Конечно, для того чтобы это произошло, Советский Союз должен преодолеть тот внутренний кризис, который начинает разъедать его, — но, быть может, внутренний кризис как раз и будет преодолен таким образом.
Существует точка зрения, что для СССР нежелательна победа еврокоммунистов в Италии или Франции, поскольку это создает еще один независимый вид коммунизма в мире. Если это будет демократический коммунизм, то он будет слишком привлекателен для советских народов, а если тоталитарный, то он будет представлять вызов Москве своей независимостью.
Все это кажется мне неверным. Более свободная, чем СССР, коммунистическая Италия окажет, в конце концов, на советских граждан не больше влияния, чем оказывает более свободная, чем СССР, Польша. А тоталитарная коммунистическая Франция сможет быть не более независимой, чем тоталитарная Румыния.
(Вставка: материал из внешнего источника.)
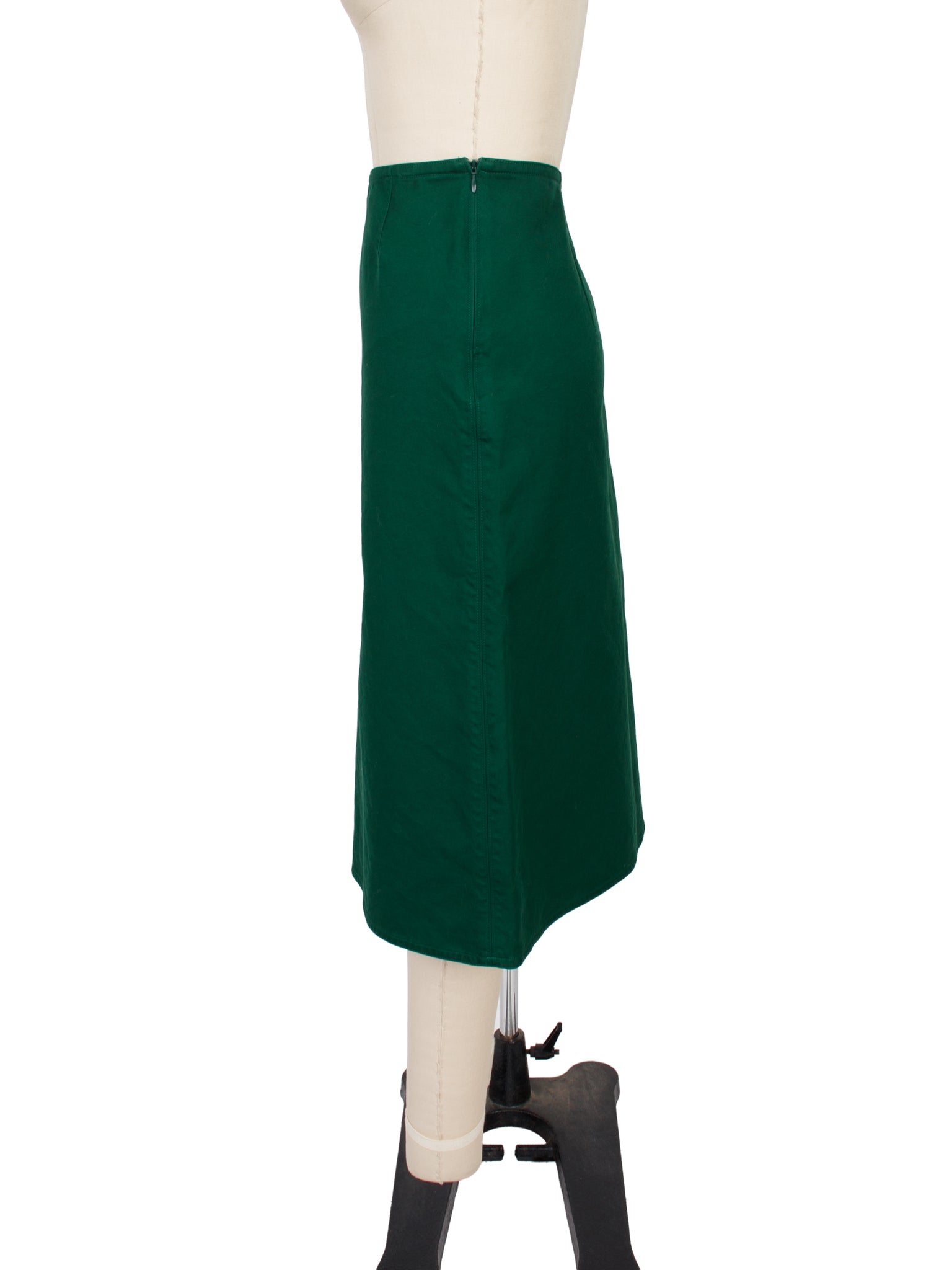 Sofie D'Hoore Woven Cotton A-Line Skirt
И французский, и итальянский коммунистические режимы будут чувствовать себя слишком неуверенными как внутри страны, так и по отношению к своим западным соседям, чтобы проводить независимую от Москвы политику. Напротив, СССР будет единственным гарантом того, что они смогут удержаться у власти, и это заставит их принимать все советские условия. Даже такой колосс, как Китай, долго не мог себе позволить роскошь разрыва с СССР.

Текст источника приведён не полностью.